Kejujuran bukanlah masalah sederhana. Ia perlu diperjuangkan keberadaannya dalam jiwa. Karena nilainya yang demikian tinggi para ulama mengatakan bahwa shidiq adalah salah satu dari induk akhlak.
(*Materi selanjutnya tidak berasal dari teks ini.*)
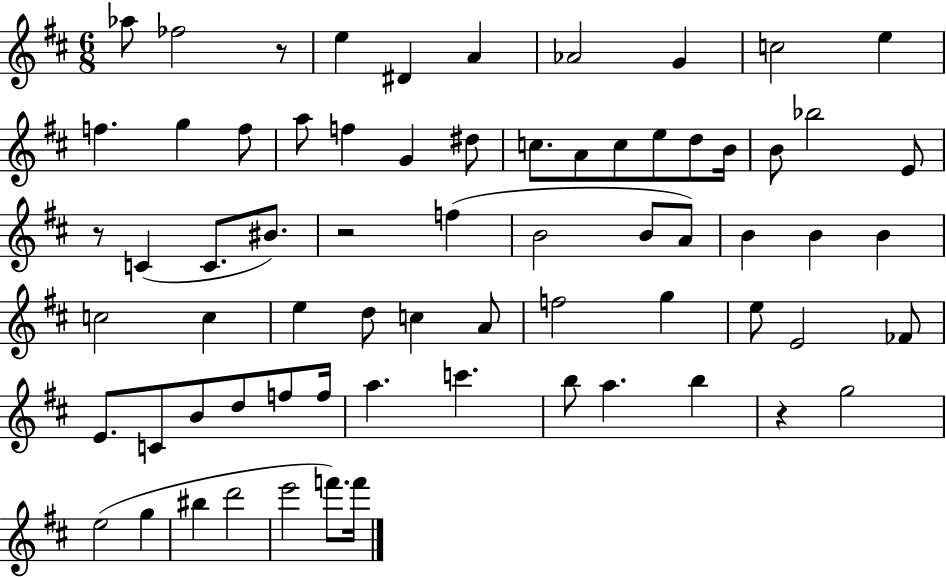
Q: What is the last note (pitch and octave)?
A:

Rasulullah SAW pun bersabda,
إن الصدق يهدي إلى البر وإن البر يهدي إلى الجنة وإن الرجل ليصدق حتى يكون صديقا وإن الكذب يهدي إلى الفجور وإن الفجور يهدي إلى النار وإن الرجل ليكذب حتى يكتب عند الله كذابا
Sesungguhnya kejujuran mengantarkan kepada kebajikan dan kebajikan mengantarkan kepada surga. Seseorang berbuat jujur hingga menjadi ahli berbuat jujur. Dan sesungguhnya kedustaan mengantarkan kepada kedurhakaan dan kedurhakaan mengantarkan ke neraka. Seseorang berbuat dusta hingga ditetapkan sebagai pendusta. (HR. Bukhari)
Allah SWT berfirman,
يَا أَيُّهَا الَّذِينَ آَمَنُوا اتَّقُوا اللَّهَ وَكُونُوا مَعَ الصَّادِقِينَ [التوبة/119]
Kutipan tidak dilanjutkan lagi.